Der Kommissar ist nicht wie üblich der strahlende Alleskönner, der eine
Identifikationsperson ist, sondern ein sterbenskranker pensionierter
Detektiv. Dürrenmatt liefert das Abbild eines sehr unfachmännisch
vorgehenden Polizeibeamten, der nicht davor zurückschreckt, sein Leben aufs
Spiel zu setzen.
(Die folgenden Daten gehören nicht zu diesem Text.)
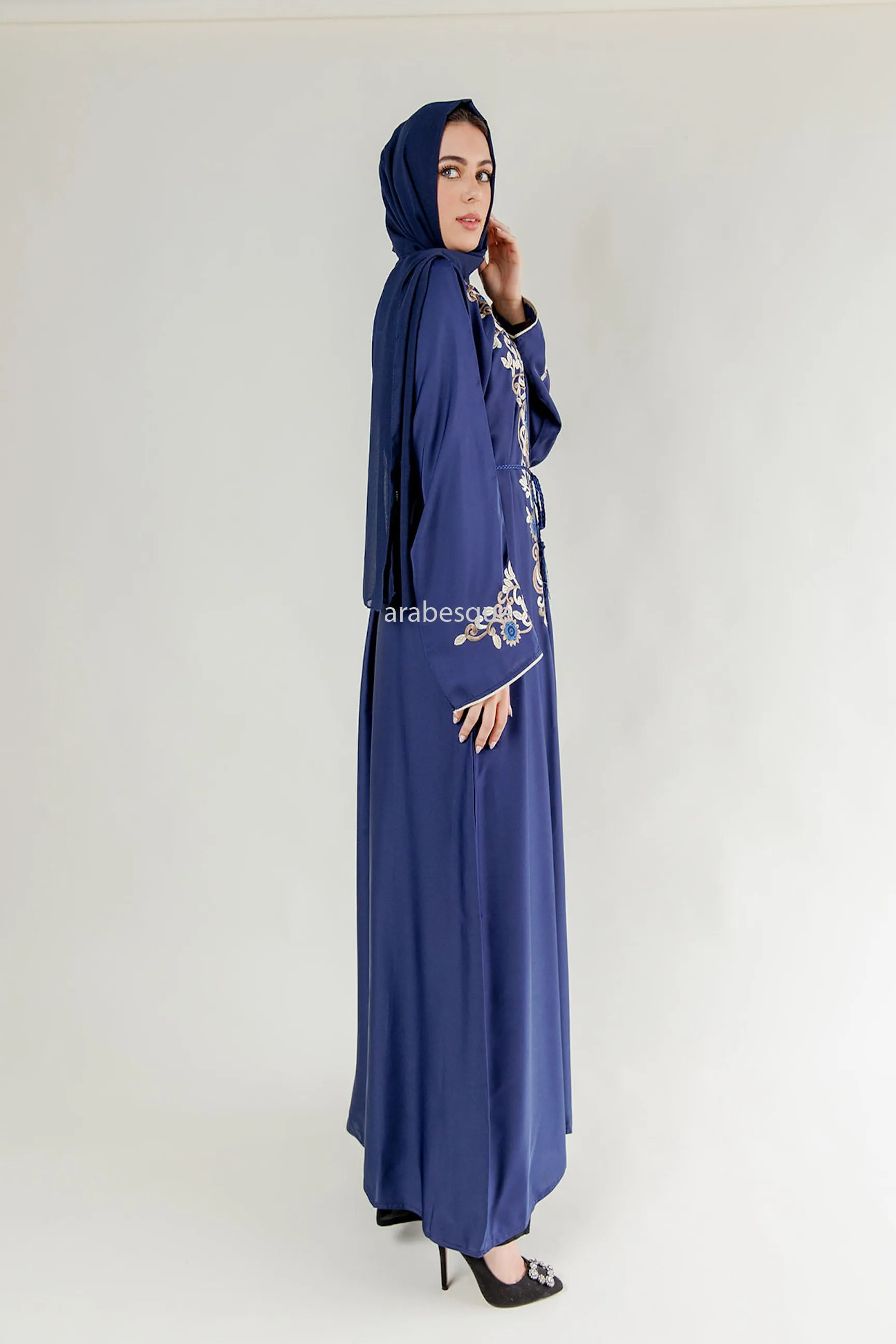 Mia Navy Abaya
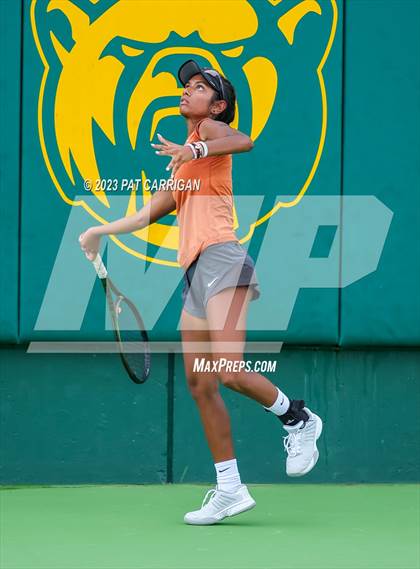 Thumbnail 2 in Round Rock Westwood vs Memorial (UIL 6A Team Tennis Final) photogallery.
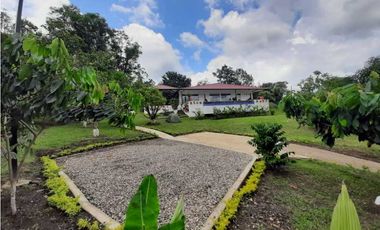 En Venta Casa Campestre con Piscina Privada y  Aljibe, La Mesa Cund.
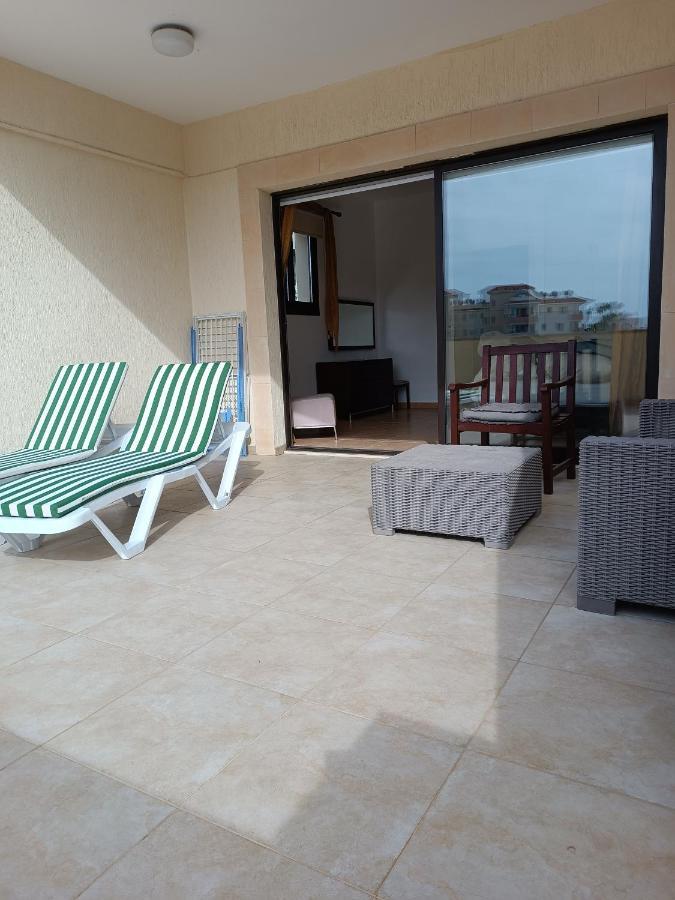 Pool Side 2 Bedroom Queens Gardens Complex Paphos Exteriör bild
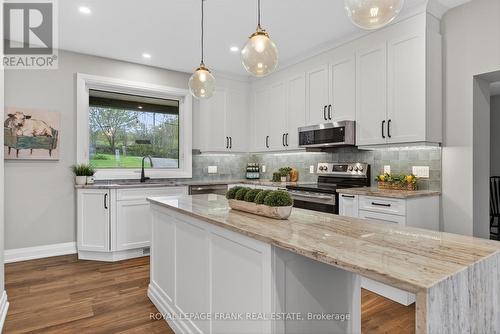 747 Morton 10Th Line, Cavan Monaghan (Cavan Twp), ON - Indoor Photo Showing Kitchen With Upgraded Kitchen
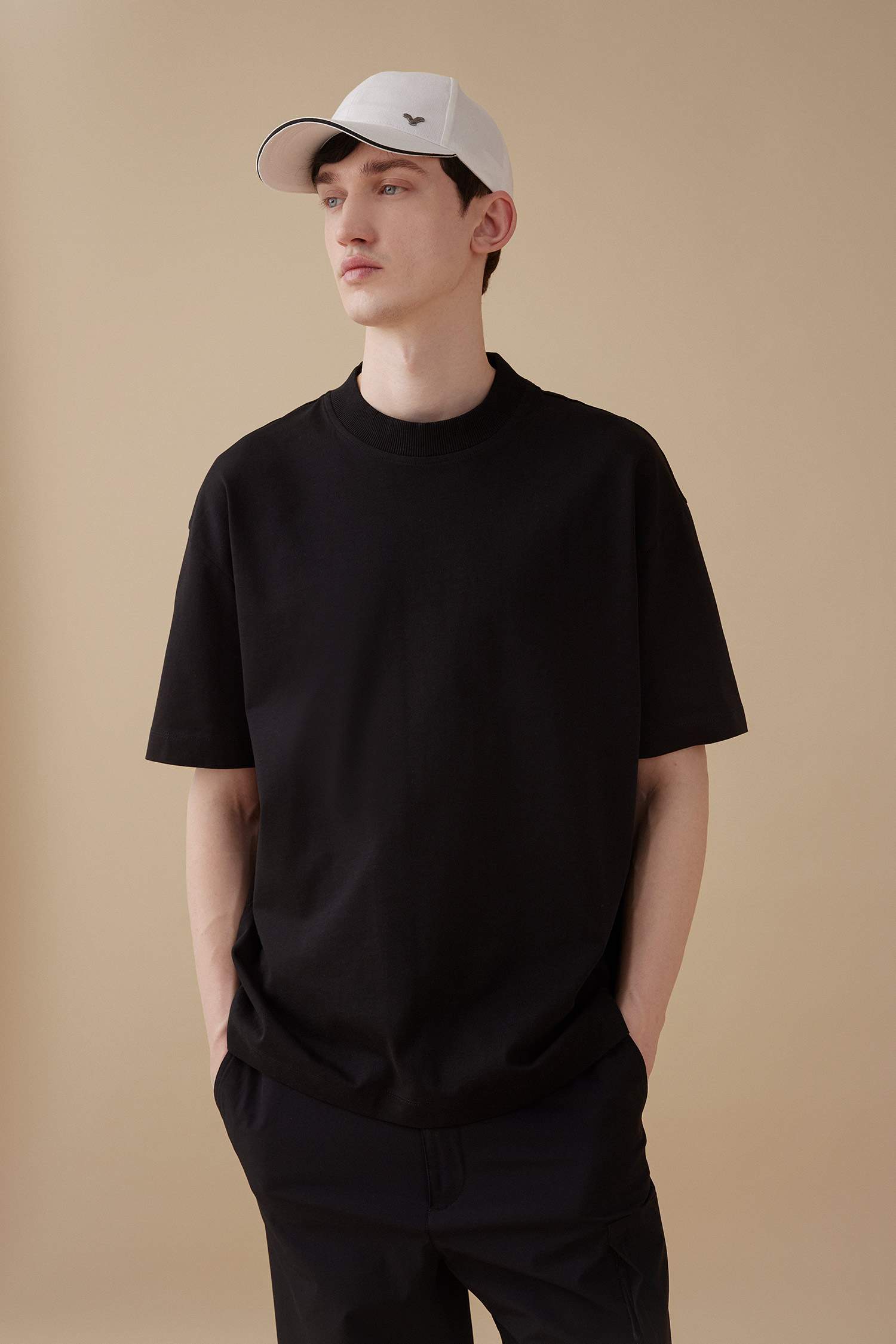 Oversize Fit Crew Neck Short Sleeve T-Shirt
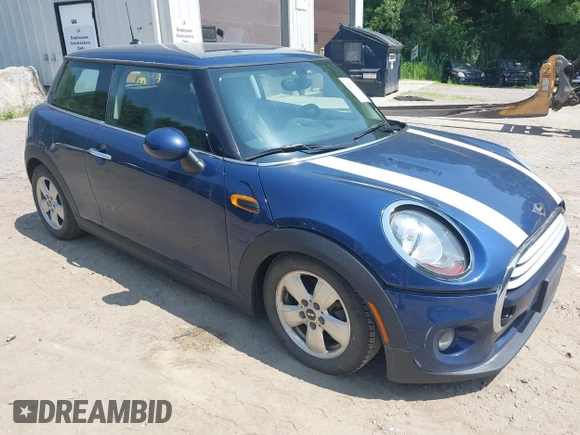 2014 MINI Hardtop with VIN WMWXM5C50ET972174, listed as a IAAI auction lot 42738144 with 106,273 mi miles and . Bid and sale history available at DreamBid. Image 1.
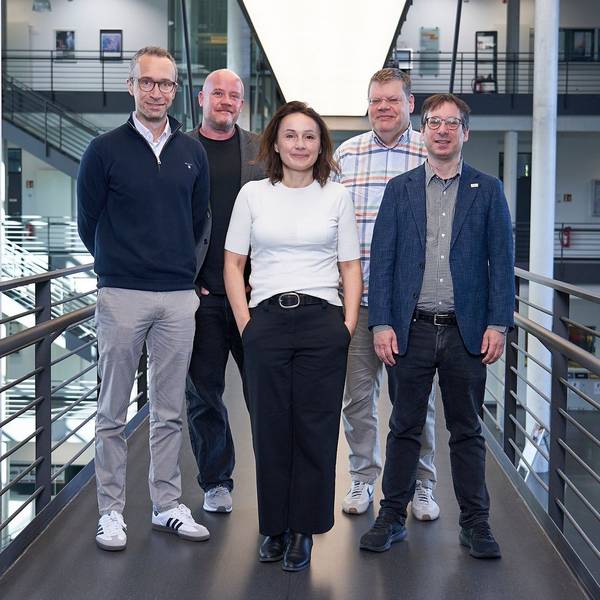 Das neue Dekanat der Fakultät für Informatik und Ingenieurwissenschaften am Campus Gummersbach (von links): Prof. Dr. Michael Freiburg, Prof. Dr. Nicolas Pyschny, Prof. Dr. Irma Lindt, Prof. Dr. Stefan Karsch, Prof. Dr. Sebastian Kraft.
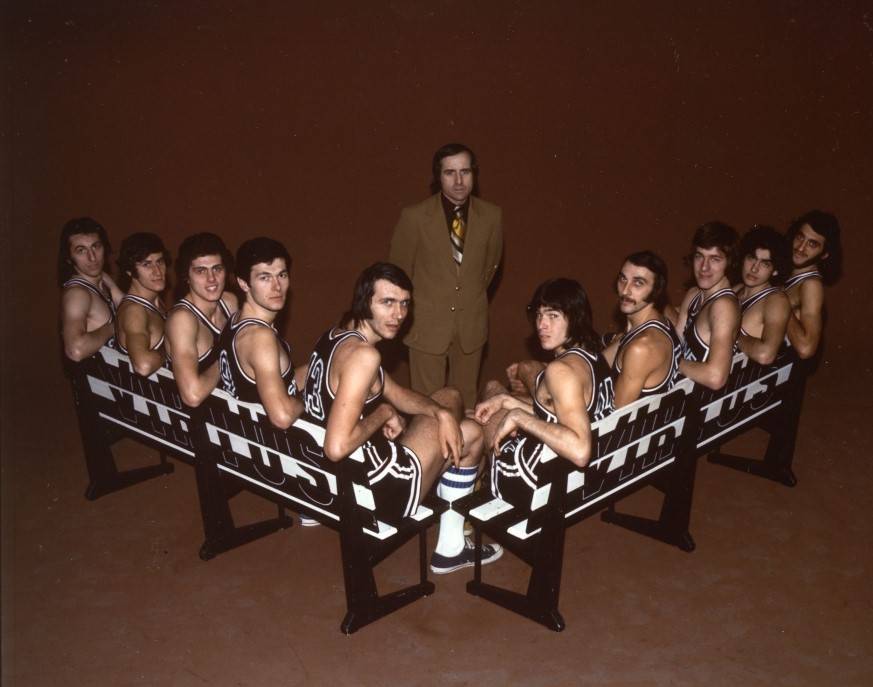 Virtus Pallacanestro Trentunesima puntata. La Virtus 1973/74: Gergati, Albonico, Natali, Benelli, Serafini, Peterson, Fultz, Bertolotti, Bonamico, S. Ranuzzi, Antonelli.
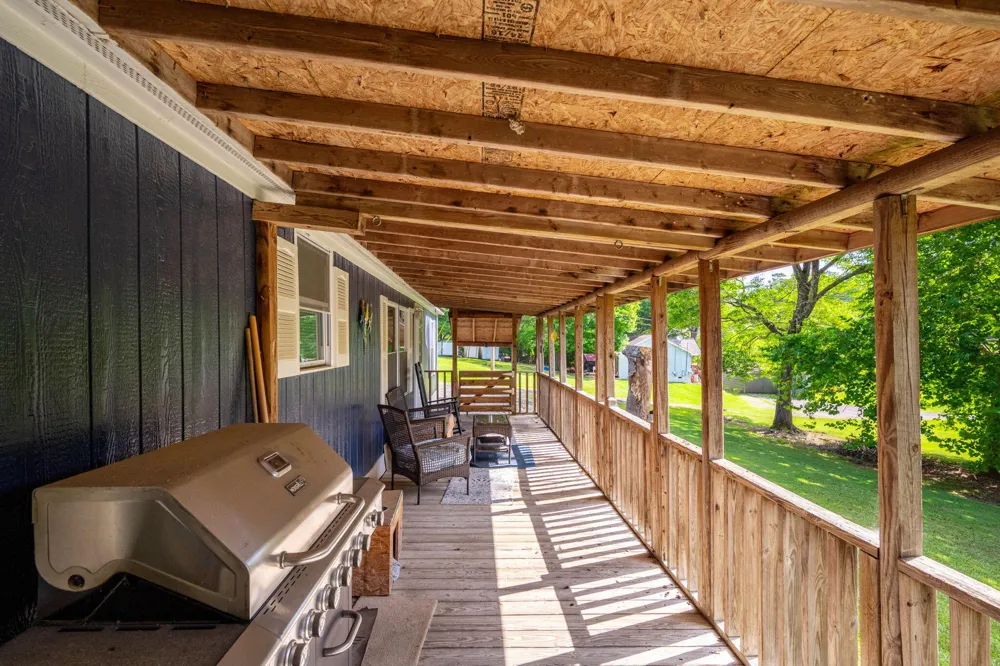 2906 Davis Road Rocky Face, GA 30740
Ein vom Tode gezeichneter, mutiger Kommissar, der bereit
ist, gegen das Böse zu kämpfen.

e.) Sprache
"Um des Geldes Willen geschrieben ist es gleichwohl ein Meisterwerk"
Ungebundene,lebendige Sprache,verwendet öfter direkte Reden
Er setz alle Gestaltungsmittel ein, die für Spannung sorgen
Das vorwinterliche Wetter mit den spezifischen Erscheinungen untermalt das
Geschehen (immer dann, wenn der Tod in Rede steht oder Leben bedroht wird,
werden verschlechterte Sichtverhältnisse registriert).
Komisch parodierende Mittel werden dem Leser nicht vorenthalten (z.B. Fahrt
nach Biel, Totenübergabe - der Tote nickt wie ein weiser Chinese; Buch S.84)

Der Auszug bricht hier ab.